Holy Smokes Keller!!!:dash2::wacko1::dash2::wacko1: That is just flat awesome! I have bought plenty of Rocky's Manz and turned some of it. How did you keep the Manz from flying off and taking you out while turning it? Nice Job!


----------



## ripjack13 (Apr 26, 2012)

Oh...my...god...that is just beautiful!!!!


----------



## txpaulie (Apr 26, 2012)

Wowsers!

Very nicely done!

I've a similar piece, won't likely do for a HF, I suspect a vase-ish profile for mine...:i_dunno:

I am reluctant to post it anytime soon, though...
I'll wait for this thread to disappear down the list!

p


----------



## TimR (Apr 26, 2012)

David,
Thanks for heads up on this site...very cool. Gotta say, for some reason the pics of this manz piece you did (very well I might add) look even better in this site. You really did that piece of manz well and rockb looks to have a great selection of wood. (I hear little noises :clapping: coming out of my wallet).


----------



## DKMD (Apr 26, 2012)

Thanks folks!

Tim... Head over to the introduction area and introduce yourself... I should warn you that this mob is picture crazy, so share a few of those beautiful turnings of yours


----------



## Kenbo (Apr 26, 2012)

Holy crap that's awesome.
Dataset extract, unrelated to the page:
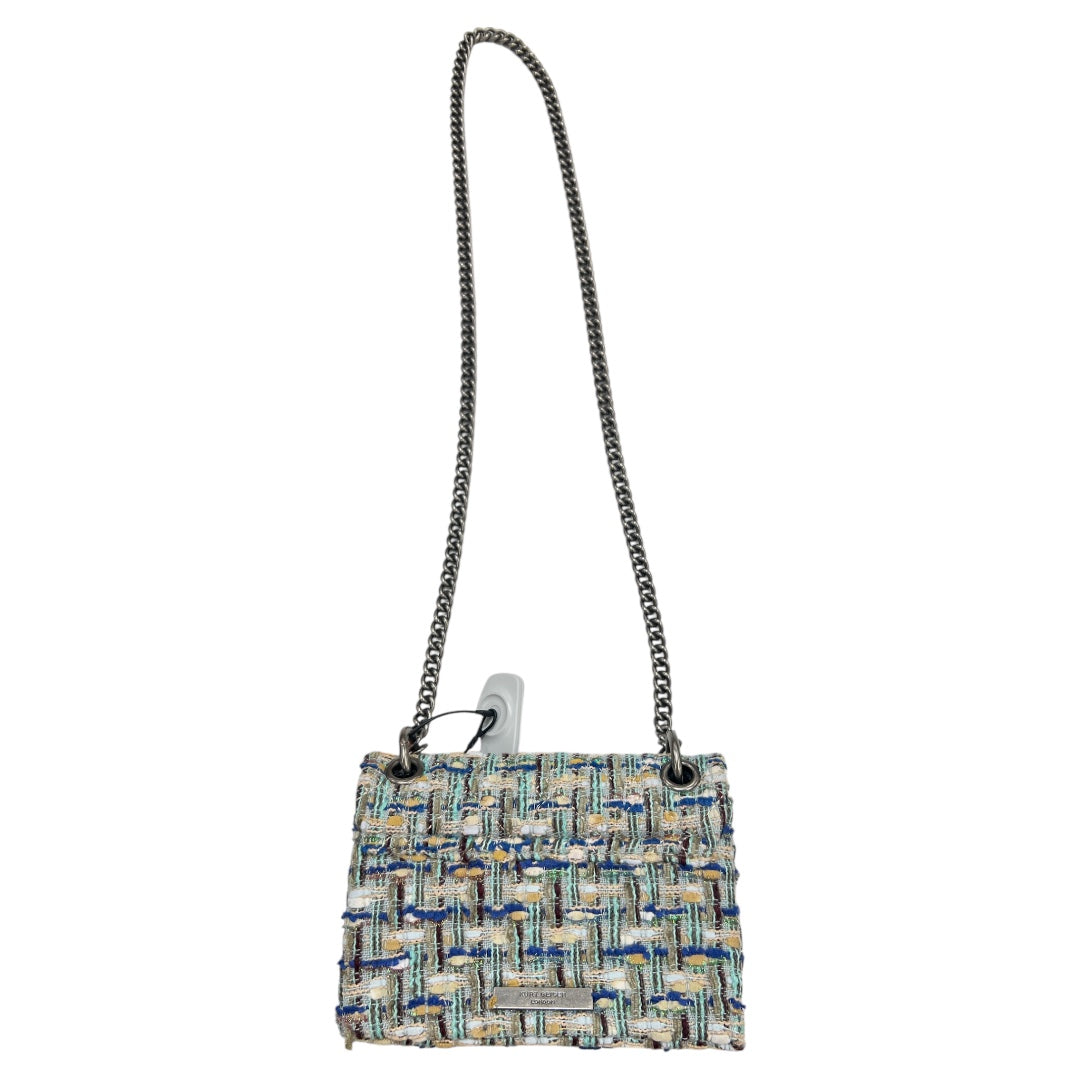 Crossbody Designer By Kurt Geiger In Blue, Size:Small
Fantastic stuff. I really gotta hone my turning skills to catch up to you folks.


----------



## rockb (Apr 27, 2012)

DKMD said:


> I was lucky enough to purchase a nice manzanita burl from rockb right here on Woodbarter, so I thought I'd share the finished project. This hollowform is about 7 or 8" tall and almost as wide(I rarely measure anything). It's finished with a good buffing and a coat of renaissance wax… This stuff doesn't really need a finish!
> 
> Thanks to Rocky for sharing his beautiful manzanita burl with me! I forgot to take a photo of the piece before I turned it, but maybe Rocky kept a photo from the listing thread… If you did, Rocky, feel free to post it.
> 
> ...


----------



## ripjack13 (Apr 27, 2012)

I remember M128! I bought M125! Man he gets great burl!


----------